R is a programming language, and a software environment, for software statistics and graphics. It is quite popular among statisticians, for example, also because it can be easily be extended using specialized packages. There are a lot of resources online to learn how to use it. We are only giving some instructions related to the usage of R scripts in batch jobs.

R is installed on the HPC cluster, and accessible from all the node. As usual, more than one version is installed, to provide compatibility with scripts written for older versions. For R, the default behaviour is to start in interactive mode. This can be useful for testing, for small/short analysis that require the user supervision, or to use graphics, for example. To start the latest installed version from a thinlinc session, you can select it from the menu: “Applications Menu” -> DTU -> Statistics -> R.
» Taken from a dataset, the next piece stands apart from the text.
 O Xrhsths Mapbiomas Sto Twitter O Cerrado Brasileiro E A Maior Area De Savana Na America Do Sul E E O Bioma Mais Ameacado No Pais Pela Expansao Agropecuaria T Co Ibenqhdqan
Alternatively, open a terminal, and type the program full path:

/appl/R/bin/R-3.4.1

NOTE

If you need a version that is not the latest one, you only can start it from the command line, specifying the correct path. To get the list of the versions that are available type the command:
ls /appl/R/bin/R-*

R in batch mode

Once you have collected all the R instructions in a textfile, for example My_script.R, there is more than one way to run it in batch mode, i.e. without opening an interactive R session. The two main options are:

  • R CMD BATCH My_script.R
  • Rscript My_script.R

Both are available on the HPC cluster, so in principle both can be used. In both cases, the R program is called, and the R instructions written in the file My_script.R are executed sequentially.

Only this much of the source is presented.